## What the task requires
The entries below contain a line with "Zebronics Bro in" and a line with "fake foam rose white fairy lights". Quote exactly those two lines and all lines between them.

## Records supplied

Content starts

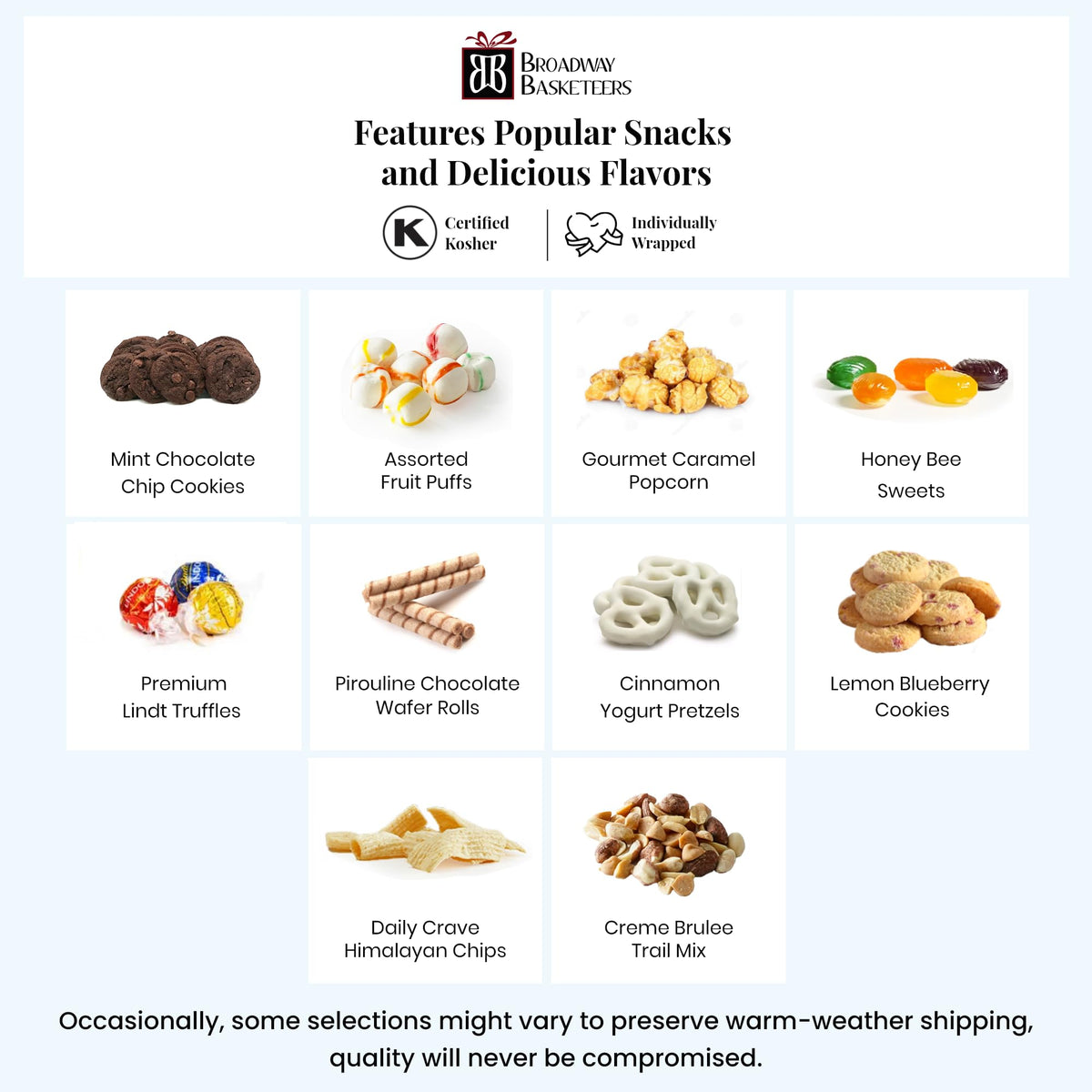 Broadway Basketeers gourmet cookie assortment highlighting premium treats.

Content ends
Content starts

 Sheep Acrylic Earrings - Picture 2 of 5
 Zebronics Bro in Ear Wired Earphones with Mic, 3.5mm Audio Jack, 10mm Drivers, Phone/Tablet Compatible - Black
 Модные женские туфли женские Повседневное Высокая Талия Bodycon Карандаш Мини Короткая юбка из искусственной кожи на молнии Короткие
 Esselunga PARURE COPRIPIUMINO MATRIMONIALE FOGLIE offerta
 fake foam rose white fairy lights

Content ends

## Exercise result
 Zebronics Bro in Ear Wired Earphones with Mic, 3.5mm Audio Jack, 10mm Drivers, Phone/Tablet Compatible - Black
 Модные женские туфли женские Повседневное Высокая Талия Bodycon Карандаш Мини Короткая юбка из искусственной кожи на молнии Короткие
 Esselunga PARURE COPRIPIUMINO MATRIMONIALE FOGLIE offerta
 fake foam rose white fairy lights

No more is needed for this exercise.